The SEC is proposing changes to the 10b-18 rule that would make it easier for companies to buy back their own shares. The proposed changes include increasing the daily volume limit from 25% to 100% of a stock’s average daily trading volume, allowing companies to buy back shares at any time during the trading day, and eliminating the requirement that companies wait until the end of the trading day to buy back shares.
Azevedo argues that the proposed changes to the 10b-18 rule could have a significant impact on IPOs. Companies going public often use share buybacks as a way to support their stock price in the early days of trading. However, under the current 10b-18 rule, companies limited in their ability to do so. The proposed changes would give companies more flexibility to buy back shares, potentially leading to more stable stock prices in the early days of trading.

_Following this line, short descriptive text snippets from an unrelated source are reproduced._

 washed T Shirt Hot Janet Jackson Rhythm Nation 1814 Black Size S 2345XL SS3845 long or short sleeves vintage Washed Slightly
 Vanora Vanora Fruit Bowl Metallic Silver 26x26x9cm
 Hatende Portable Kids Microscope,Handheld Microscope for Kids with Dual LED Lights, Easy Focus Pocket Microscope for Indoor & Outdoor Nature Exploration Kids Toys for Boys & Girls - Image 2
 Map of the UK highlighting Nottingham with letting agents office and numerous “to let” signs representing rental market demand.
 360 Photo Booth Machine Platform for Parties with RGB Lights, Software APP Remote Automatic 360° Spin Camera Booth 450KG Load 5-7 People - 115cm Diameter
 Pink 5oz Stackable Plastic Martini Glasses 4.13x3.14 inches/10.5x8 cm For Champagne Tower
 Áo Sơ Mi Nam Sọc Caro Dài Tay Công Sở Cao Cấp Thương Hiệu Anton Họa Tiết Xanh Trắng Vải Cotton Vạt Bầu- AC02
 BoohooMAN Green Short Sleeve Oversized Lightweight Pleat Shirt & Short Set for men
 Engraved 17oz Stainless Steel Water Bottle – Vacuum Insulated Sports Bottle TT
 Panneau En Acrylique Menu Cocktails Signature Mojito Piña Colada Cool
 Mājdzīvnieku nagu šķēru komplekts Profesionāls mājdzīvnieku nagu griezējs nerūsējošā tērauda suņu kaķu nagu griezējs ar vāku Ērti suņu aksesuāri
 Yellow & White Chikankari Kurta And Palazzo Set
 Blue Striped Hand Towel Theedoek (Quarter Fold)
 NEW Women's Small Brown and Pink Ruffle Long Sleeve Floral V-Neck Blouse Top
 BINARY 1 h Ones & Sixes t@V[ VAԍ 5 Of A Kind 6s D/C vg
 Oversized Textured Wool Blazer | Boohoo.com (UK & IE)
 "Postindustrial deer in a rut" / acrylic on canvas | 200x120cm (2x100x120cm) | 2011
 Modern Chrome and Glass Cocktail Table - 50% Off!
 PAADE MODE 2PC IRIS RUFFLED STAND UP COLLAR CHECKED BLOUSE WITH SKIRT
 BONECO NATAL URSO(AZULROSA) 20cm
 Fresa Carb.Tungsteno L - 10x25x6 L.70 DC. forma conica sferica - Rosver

Additionally, Azevedo notes that the proposed changes could make it easier for companies to go public in the first place. The ability to buy back shares more easily could make it more attractive for companies to go public, as they would have more control over their stock price in the early days of trading. However, Azevedo also notes that the proposed changes could lead to increased volatility in the market. Companies with large buyback programs could potentially move the market with their purchases, leading to increased volatility and potentially harming investors.
Overall, the proposed changes to the 10b-18 rule could have a significant impact on IPOs. While the changes could make it easier for companies to go public and support their stock price in the early days of trading, they could also lead to increased volatility in the market. It remains to seen how the SEC will ultimately decide on the proposed changes and what impact they will have on the market.